To help you deal with the upset and isolation that can strike when a close expat friend heads off home, leaving you on your own, we’ve looked at ways to cope.

Talk about them leaving

Your friend is leaving. This is a fact and it will not change.

Don’t pretend that everything will carry on as normal after they’ve gone or that it won’t hurt. Both you and your friend are probably dreading the moment of goodbye, even more so if your family and theirs are close.

Make sure you acknowledge how close you’ve become and how much you will miss them. But also make sure they know they have your support in moving on to their next big adventure. It’s rare, but expat friendships sometimes turn sour in the final days if neither party can reconcile their emotions about the pending move.

Continue to be a loyal friend right up to the end, let them tell you their hopes and fears about the return home and help them with the practicalities.

Expat friendships are transient; as soon as you start getting close to someone, you acknowledge that you will have to say goodbye all too soon. Jerry Jones, an American who lives in China, recommends talking as much as possible. “Expats get to know people all over the world,” he writes at thecultureblend.com. “Leaving broken bits of relationship unattended to weakens that network. Communicating — very specifically — how much you appreciate people makes it crazy strong.”

Those expats who don’t discuss their friendships are likely to feel abandoned and thus spoil a good thing forever, as Australian expat Liana Liston told the Telegraph. “When I know someone’s going to leave, I start picking fights with them and am generally a bit mean,” she says. “I’ll get really offended at something they’ve done to react, and then convince myself that I’m not sad that they’re going.”

Make the most of the time you have left

You’ve enjoyed a close friendship up to this point, so why change it now?

As their departure date looms, make the most of the time you have left, do the things you’ve thus far put off. Go on that day trip, cook that meal together and build as many memories as you can.

Try to leave as little unfinished business as possible. Someone’s departure can be all the more traumatic if there is unfinished business or regrets.

Dhyan Summers quickly made friends when she arrived in Delhi, although it was destined to be a short lived. “One friend in particular had become a kind of soul sister to me very quickly,” Summers told ExpatFocus.com “I knew she was leaving shortly when we first became friends, but decided to allow our friendship to deepen because it was giving me so much, and to break off our friendship made no sense.”

Although the initial separation will still be painful, you won’t also be juggling the guilt or regret that goes with unfulfilled promises.

Throw them a going away party

It can be difficult to put into words just how much someone means to you, but there are other ways to say this. A surprise party with friends, cake and a good vibe can be the perfect way for everyone to share the love.

Get a crowd together and turn sad farewells into a celebration of your friend and a happy send off for them. It’s a great opportunity to give them trinkets and mementos as well filling an album with photos of happy smiling faces. Spend an evening creating as many happy memories as possible for your friend.

Go away yourself

When your friend leaves town, take a break yourself. Leave town for a day or two and come back to a fresh start. You’ll still miss your friend but a few days away means you can come back with a clear head and concentrate on making new memories.
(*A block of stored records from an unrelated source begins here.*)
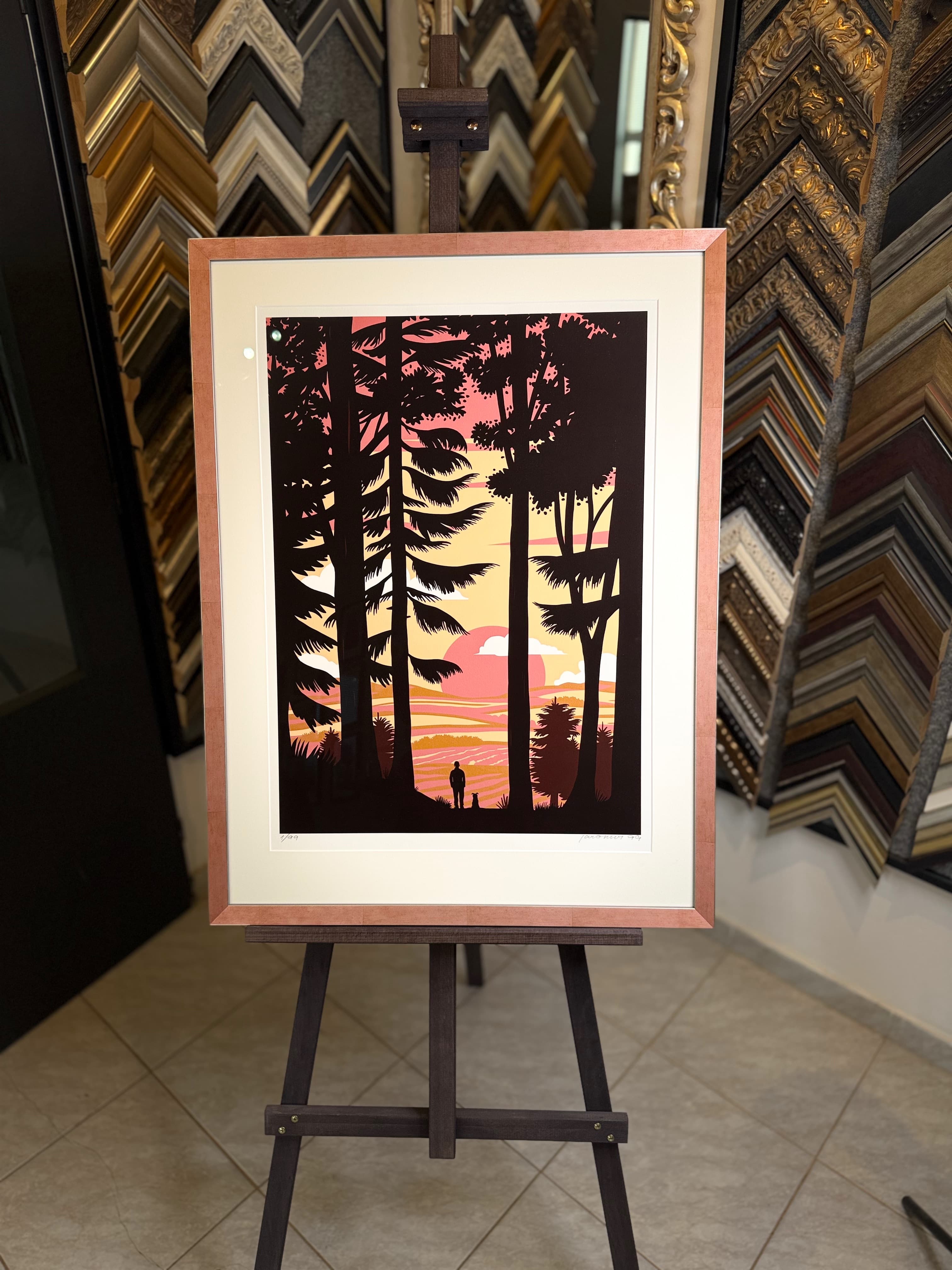 Serigrafie — les při západu — Měděný dřevěný rám, bílá pasparta | Atelier Homolka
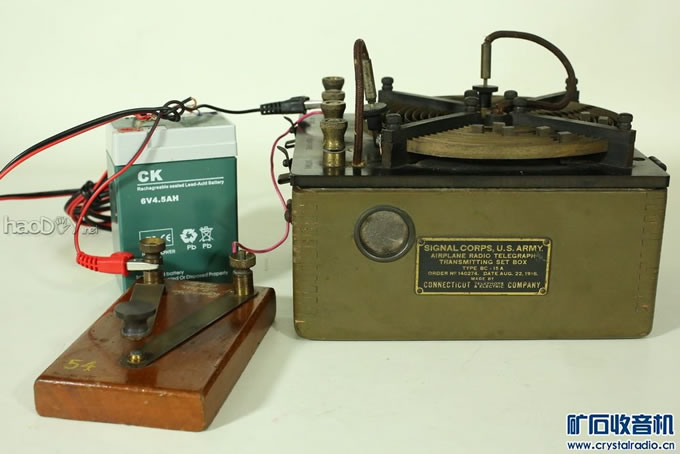 02接上按键电源后1.jpg 1918年美国飞机BC-15A火花发报机试机成功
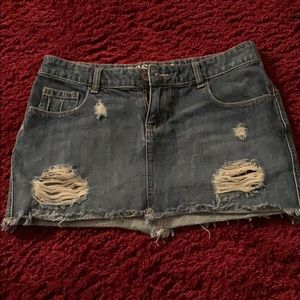 Mossimo Denim distressed jean skirt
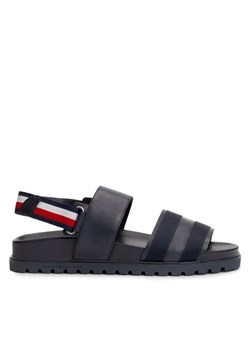 Sandały Tommy Hilfiger Elevated Hilfiger Strappy Sandal FM0FM05008 Granatowy ze sklepu eobuwie.pl w kategorii Sandały męskie - zdjęcie 181275005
Jerry Jones finds the first few days of separation to be the hardest. “Personally it was always gut-wrenching for me to walk around my apartment complex and be painfully aware of who was NOT there and who was never coming back.”

Don’t let yourself wallow in the pain of separation. Get out and have some fun to remind yourself that life goes on, even without your friend within arm’s reach.

Acknowledge the grief

There’s part of all of us that wants to keep calm and carry on, refusing to acknowledge the pain we are in, hoping that might make it go away.

This only makes things worse and prevents us from moving on. A friend leaving can very much feel like losing them, generating the same emotions as grief.

Hopefully your buddy is safe and well, but without them there it can feel as if they are gone for good. This can kick in a grief reaction that can be broken down into seven distinct stages. Understanding these stages can make it easier to steer your way through them.

Dhyan Summers is also a psychotherapist, helping expats cope with life overseas. She explained on expatcounselingandcoaching.com that these stages can happen all at once or spread out over time, making for a confusing emotional rollercoaster. “It’s important to allow yourself to experience the bittersweet subtlety of feelings before your friend leaves,” she writes. “You may notice you have many feelings; warmth, tenderness, closeness, sadness and even anger. Surprisingly, these feelings can all exist side by side.”

The first stage is denial, which may kick in before your friend actually leaves. You know they are going but you refuse to acknowledge it, perhaps even after they’re gone you’ll keep telling yourself they are about to come back. The sooner you accept the state of affairs the sooner you can move on.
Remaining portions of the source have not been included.